═════ Material provided
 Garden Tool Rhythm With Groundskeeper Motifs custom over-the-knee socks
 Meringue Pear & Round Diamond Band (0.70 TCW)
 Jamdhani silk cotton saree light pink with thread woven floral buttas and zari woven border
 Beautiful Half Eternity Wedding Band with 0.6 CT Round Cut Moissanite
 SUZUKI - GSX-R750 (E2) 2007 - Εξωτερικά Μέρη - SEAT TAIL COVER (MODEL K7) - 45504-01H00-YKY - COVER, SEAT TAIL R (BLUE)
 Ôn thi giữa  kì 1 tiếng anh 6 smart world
══════════
═════ Material provided
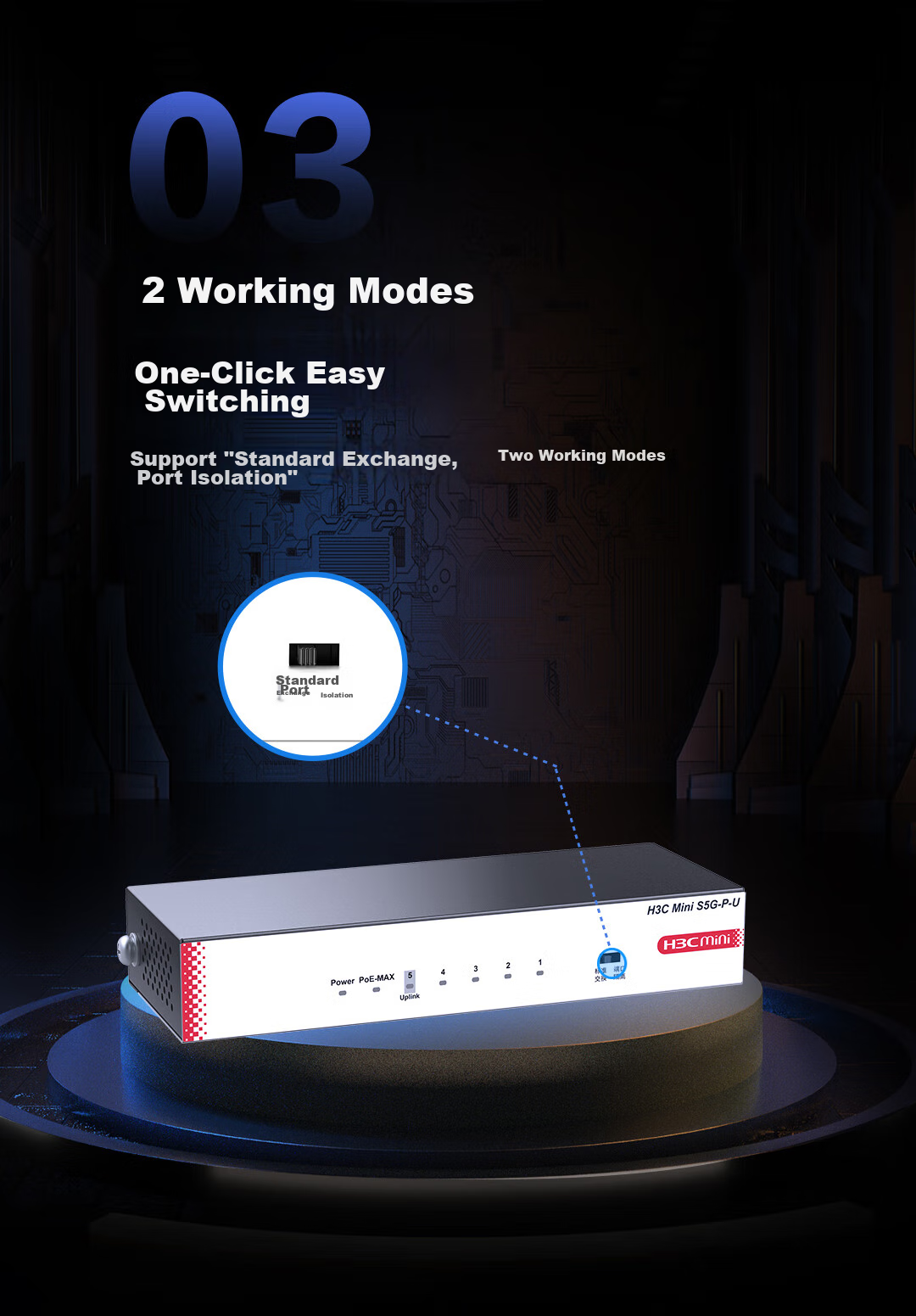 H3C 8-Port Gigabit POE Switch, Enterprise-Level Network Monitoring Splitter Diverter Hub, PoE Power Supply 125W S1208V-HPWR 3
══════════
● **Action item**: Give again, word for word, every line of the listing above from the one with "Jamdhani silk cotton" to the one with "Ôn thi giữa", both inclusive, and nothing beyond them.

● **Exercise response**:
 Jamdhani silk cotton saree light pink with thread woven floral buttas and zari woven border
 Beautiful Half Eternity Wedding Band with 0.6 CT Round Cut Moissanite
 SUZUKI - GSX-R750 (E2) 2007 - Εξωτερικά Μέρη - SEAT TAIL COVER (MODEL K7) - 45504-01H00-YKY - COVER, SEAT TAIL R (BLUE)
 Ôn thi giữa  kì 1 tiếng anh 6 smart world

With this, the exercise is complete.